2022-09-17 01:11:03 By : Mr. Hero He

As nations prepare for an onslaught of electric cars on the road, we delve into the impact such demand could have on the national grid.

An £11.4m programme of funding by the Department for Business, Energy and Industrial Strategy is getting off the ground to make it easier for an electric vehicle (EV) to return electricity to the network during times of peak loading. Since June, all new private chargepoints must be smart enough to adjust their rate of charge in response to external signals, in order to ease demand on the network at times like the evening peak.

There are clear reasons as to why the British government, among others, is keen to have EVs react to the needs of the grid. Without that ability, the risk is that if too many drivers in the same area demand their cars be ready to drive in the next hour it will lead to sudden blackouts.
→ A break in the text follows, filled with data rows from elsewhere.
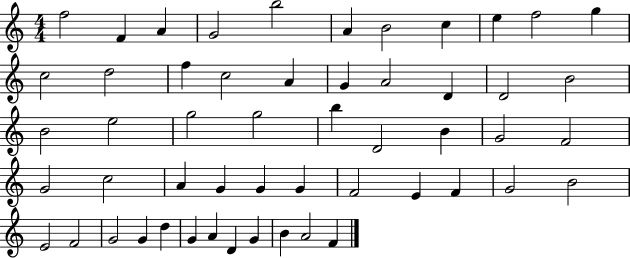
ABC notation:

X:1
T:Untitled
M:4/4
L:1/4
K:C
f2 F A G2 b2 A B2 c e f2 g c2 d2 f c2 A G A2 D D2 B2 B2 e2 g2 g2 b D2 B G2 F2 G2 c2 A G G G F2 E F G2 B2 E2 F2 G2 G d G A D G B A2 F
There are distinct differences of opinion on how disruptive EV charging will be to the grid as uptake increases. Much depends on which geographic scale you use. A 2018 report by McKinsey, which cited data from Germany, is that as a percentage of overall electricity consumption, the expected growth in EV usage will add just 1 per cent to the total generation needed. Even with massive penetration of the kind forecast by National Grid ESO (Electricity System Operator) for the UK over the next couple of decades in its most optimistic net-zero scenarios, the relative efficiency of electric traction means road users would account for a little over 10 per cent of total grid consumption by 2050.

The issue for those managing different parts of the grid is that the increase will possibly or even probably be very far from evenly distributed. The extra load at peak time could make a dramatic difference to the ability of individual feeder circuits to cope.

Image credit: FfE / E&T

Marc Spieler, head of global strategy for energy at chipmaker Nvidia, argues the difficulties could emerge quite quickly in electrical distribution grids around the world if they do not manage the situation carefully. “As we get to 4 to 5 per cent penetration of EVs, I believe we’re going to start seeing some major issues with the grid when it comes to resiliency and reliability, let alone 30 per cent EVs or 50 per cent EVs, which most countries are striving for.”
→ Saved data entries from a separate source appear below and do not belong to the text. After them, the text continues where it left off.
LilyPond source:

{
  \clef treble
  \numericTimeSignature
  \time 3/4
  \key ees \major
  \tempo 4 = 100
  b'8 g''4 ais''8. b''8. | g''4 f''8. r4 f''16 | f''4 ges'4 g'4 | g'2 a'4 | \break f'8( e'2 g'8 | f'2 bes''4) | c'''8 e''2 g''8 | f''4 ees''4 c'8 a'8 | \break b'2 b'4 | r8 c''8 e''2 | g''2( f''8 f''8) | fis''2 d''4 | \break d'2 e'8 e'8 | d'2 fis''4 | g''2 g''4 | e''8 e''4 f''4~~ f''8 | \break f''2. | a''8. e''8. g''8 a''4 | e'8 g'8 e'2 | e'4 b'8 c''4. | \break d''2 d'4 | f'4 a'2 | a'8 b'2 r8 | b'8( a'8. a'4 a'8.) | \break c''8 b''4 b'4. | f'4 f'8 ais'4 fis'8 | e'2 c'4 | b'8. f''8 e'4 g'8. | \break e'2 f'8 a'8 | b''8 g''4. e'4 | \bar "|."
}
The McKinsey study estimated that, using its German scenario, peak load on a typical residential feeder circuit of 150 homes with 25 per cent EV penetration would increase typical peak load by 30 per cent. Fast chargers make the situation worse because of their spikier load demands. Other studies have estimated the peak load could double.

The obvious answer is a lot more network reinforcement, but that could be expensive, especially if a large number of home installations are converted to three-phase connections to reduce the risk of high demand on one phase causing intermittent problems. Reinforcement is already part of Ofgem’s plans for the UK distribution network to handle the influx of both higher demand from heating and intermittent supply from rooftop solar panels.

A study published in 2020 by Christian Calvillo and Karen Turner from the University of Strathclyde’s Centre for Energy Policy concluded that the combination of dumb charging and a focus on reinforcement for peak capacity would increase the cost of the upgrades from now until 2050 from £40bn to £70bn.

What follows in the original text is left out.